Platform has all the usual online homework features. Content organization, navigation, reporting is equivalent to other competitors (Blackboard integration available as well). What makes MapleTA to stand out is content creation. Platform allows to create content all the way from click and drag user friendly high level interface down to raw coding and tweaking geeky levels. A very rich usage of variables, images as variables, access to maple engine core (with spectacular 3D graphing, all the calculating power, symbolic math) are all there. Platform can interface with adobe flash, one can create visual problems (way richer then publisher compiled WebAssign can offer). In one word, it is state of art of online math assignments.

The price for platform is $200 installation + $16 pa per student (hosted by MapleTA). Interestingly this is half price of WebAssign access that we are currently asking students to pay for. Beyond the pilot further discounted pricing schemes are available (especially if hosted by the university). It has many of the same features we are seeking in TutorTracks. The practice problems will be available to OUL students, will be reusable and can be incorporated in the KB database much the same way as other sources could be. It doesn't have to be TutorTracks project, but probably worth mentioning. Athens math department is one possible partner to get engaged in this project.

Tuesday, March 9, 2010

OLN update

I thought to post OLN online tutoring options that Karen Boyd explained during today's teleconference.

Ohio State subsidy expires July 2011, it subsidizes price of SmartThinking tutoring from $29 to $21 per hour and there are only ~500 minutes left. There is a good chance those will be gone too in couple of moths. SmartThinking is currently used in Athens, contact person for it is Pam Brown @ OU.

Another option with OLN is their inHouse eTutoring platform, which is relatively new (started this January). Essentially this is a collaborative scheme, where all participants provide 5hours/week tutor time (those could be our on-campus existing student tutors, payed by us) and get 100 sessions/quarter for it (more can be purchased if needed). There is also a fixed annual fee of $2'500. They use AdobeConnect interface and sessions are manually saved (and can be databased and linked) at a hosting providers (Connecticut) servers.

Not all subjects have tutors available at 24/7. We discussed if beyond participating in collaborative we could use their platform to have our existing on-campus tutors operate online channel as well, during daytime (instead of doing that in BlackBoard or elsewhere). Answer at this point is unclear, we'll be following this up with hosting provider's contact.

eTutoring doesn't enforce "one student per one tutor at a time" policy, but they allow group sessions.

OLN is part of OSU, but reports directly to reagents and often act as a state education agency.

Advisory counsil of participating institutions is scheduled to meet May 10, where we will be invited too (even though not participating. ).

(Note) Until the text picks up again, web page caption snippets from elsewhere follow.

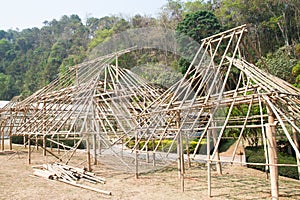 Under construction building with wood and bamboo in nature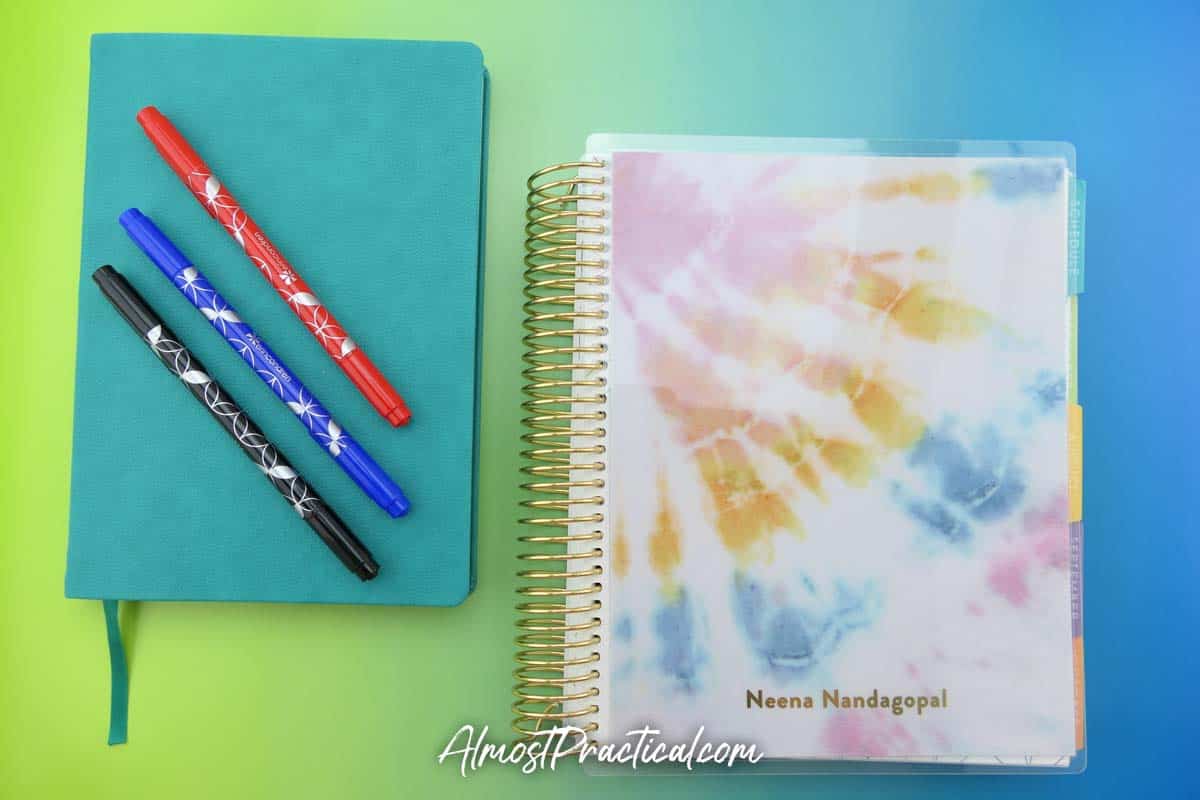 Erin Condren softbound and coiled academic planners side by side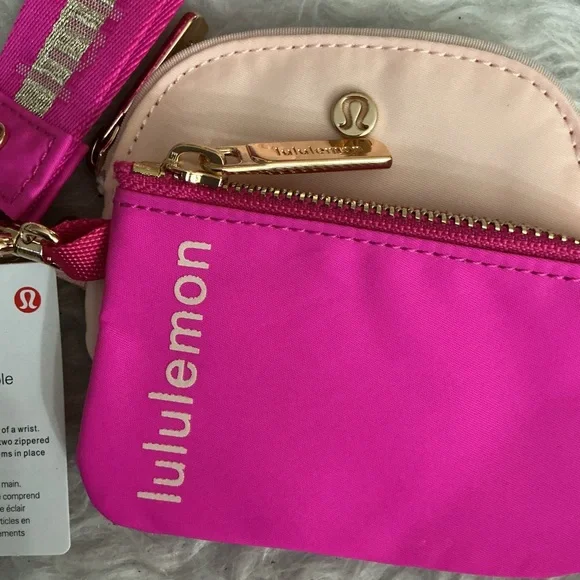 lululemon athletica Vibrant Pink and Soft Cream Wristlet - Picture 2 of 3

eTutoring is undoubtedly cheaper then commercial alternatives (by degree). But this comes at a price of somewhat sparser schedule (not all subjects covered 24/7) and somewhat poorer interface (at least for the moment, when project is just starting). We discussed the pilot nature of our interest and they are encouraging our approach to consider multiple providers while exploring habit formation on OUL campus. Their collaborative scheme has a chance to fit well with what we envisaged as "Basic Tier" of our online tutoring, the one based on inHouse resources.

I will also follow up this report with some institutional specific information over the email.